DATA EXTRACT Start Marker
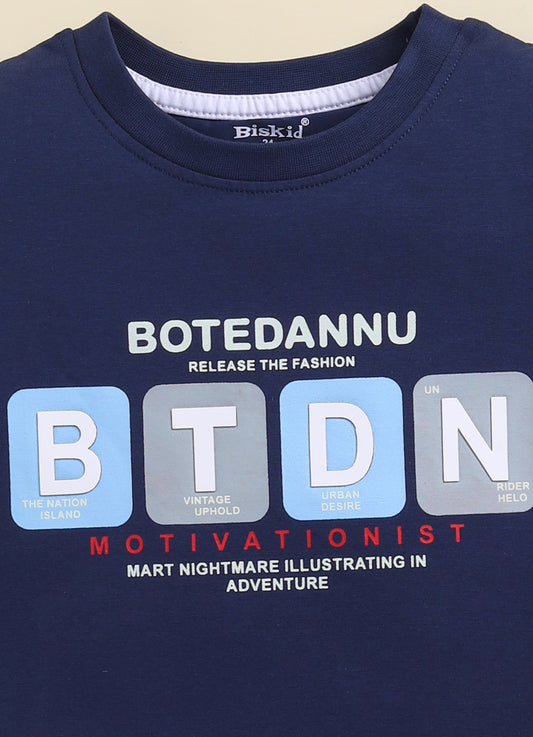Navy Printed T-Shirt for Boys by Biskid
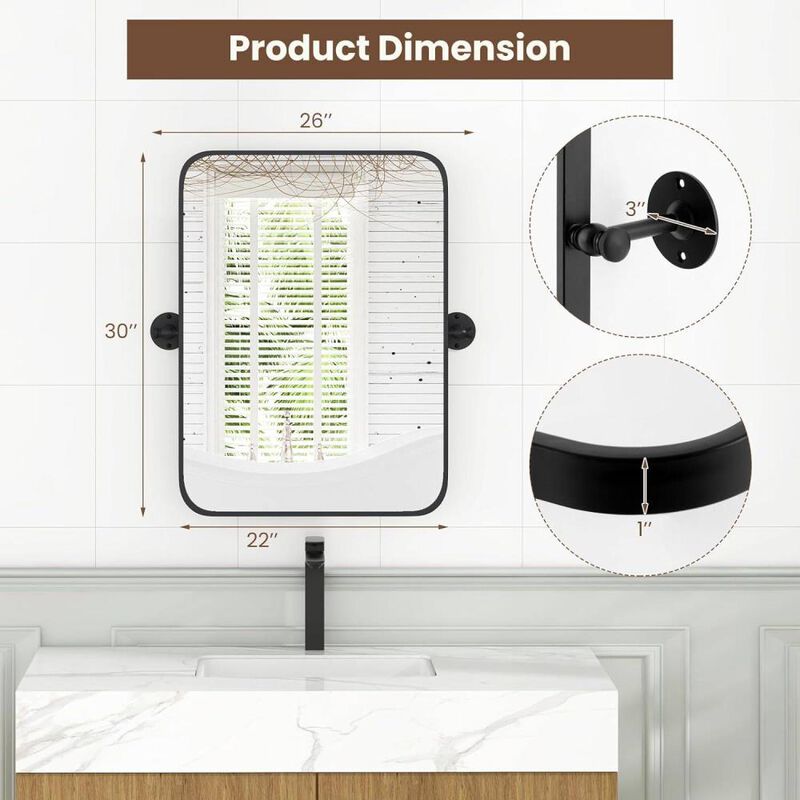 Hivvago 30 x 22 inch Bathroom Wall Mirror with Easy Tilt Pivot and Black Frame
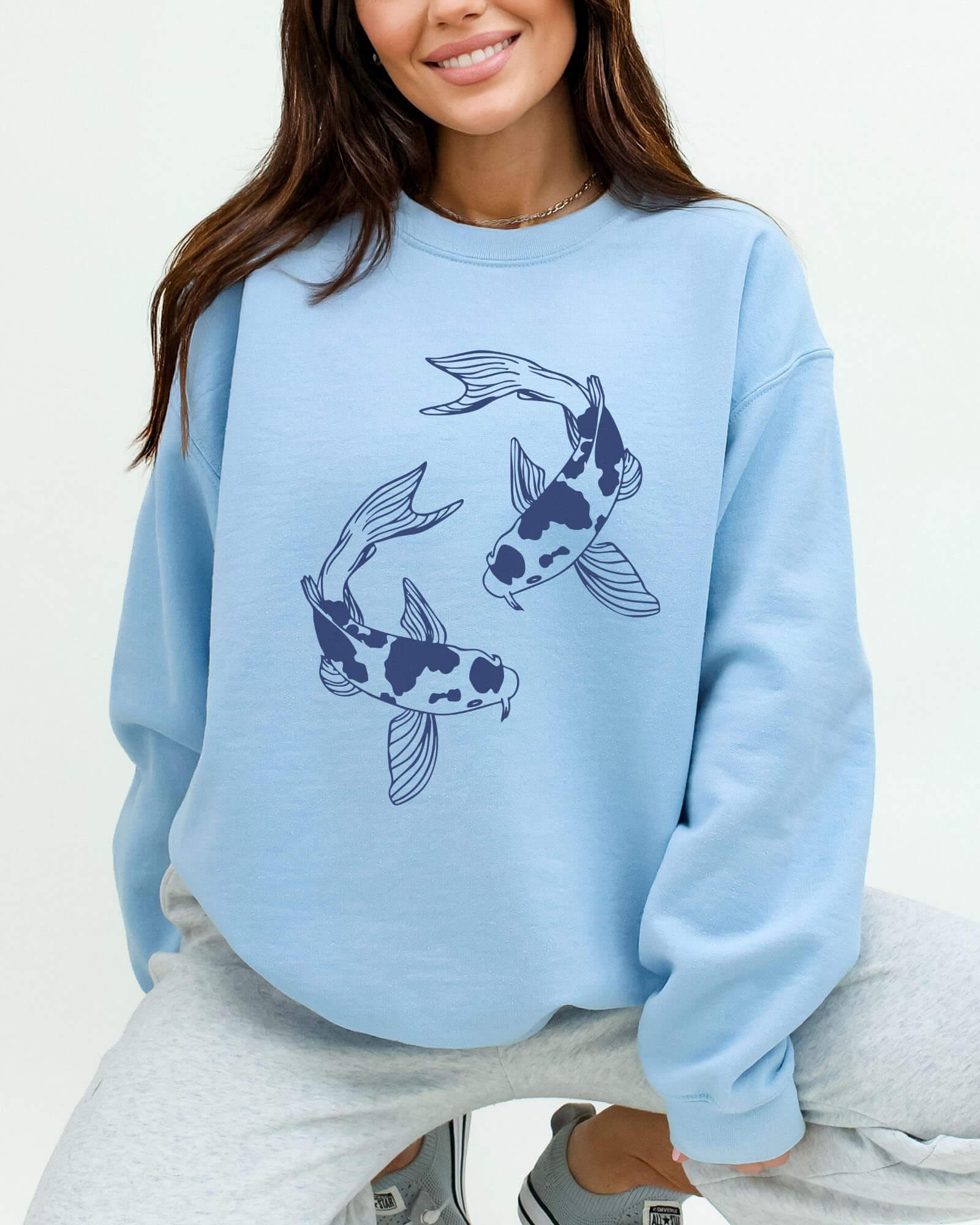 Koi Fish Circle Sweatshirt - Light Blue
DATA EXTRACT End Marker
### WHAT YOU ARE ASKED TO DO
Copy the listing above verbatim; the pictures it contains are to stay out.

### EXERCISE RESULT
Navy Printed T-Shirt for Boys by Biskid
 Hivvago 30 x 22 inch Bathroom Wall Mirror with Easy Tilt Pivot and Black Frame
 Koi Fish Circle Sweatshirt - Light Blue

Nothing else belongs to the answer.